Who doesn't want to spend their birthday at Chuck E Cheese, amirite? Of course, I, a mature adult, purposely drove there so that fun could be had. Somehow that seemed like a valid way to turn around a craptacular day. And it did. Because half an hour of chaos with the Queens of Chaos is always a good time.
Seriously.
Alexis is her own brand of ... ugh ... Let's just leave it at that. She's ugh-tacular lately, but that works at Chuck's. I handed her a card and she ran off to win as many tickets as she could, sparing the world of her sass and attitude. Mila, though. MILA. That kid is insanely competitive. I thought I was competitive until she came along and taught me what it's really all about.
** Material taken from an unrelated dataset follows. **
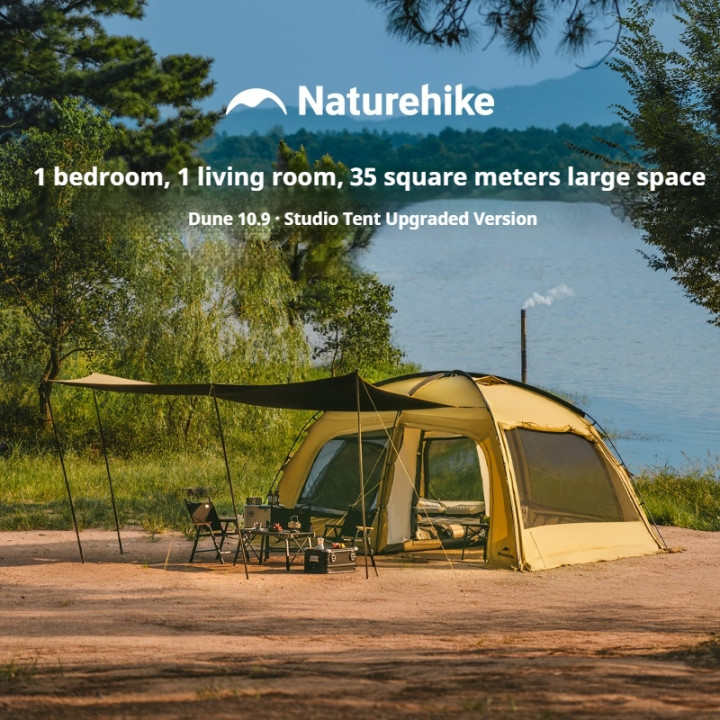Tenda Camporax Naturehike Dune Studio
We have to let her win once in a while. Seriously. She completely loses her mind when she loses and will run off crying for hours and it's not worth it. One little victory can make her entire week better, so sometimes we do that. And sometimes she wants to play the Plants vs Zombies game and I don't, so I go to the next game over and leave her all to her own devices.
BIG MISTAKE.
I have spent the past 24 hours listening to all the reasons that game is dumb. A zombie made it to Mila, ate her, and she died, meaning she lost, and soooooooob. Chuck needs to move that game far away. He can put it in the garbage, even. Nobody should ever play that game again because it's bad. Did you know the zombie ate Mila? She was so angry.
There was a point in the middle of the night when Mila was clearly asleep and dreaming of a rematch with the zombie. She was whispering, "You're going to die." I mean, I hope it was a dream about Plants vs Zombies. If it wasn't ...
I better start sleeping with one eye open.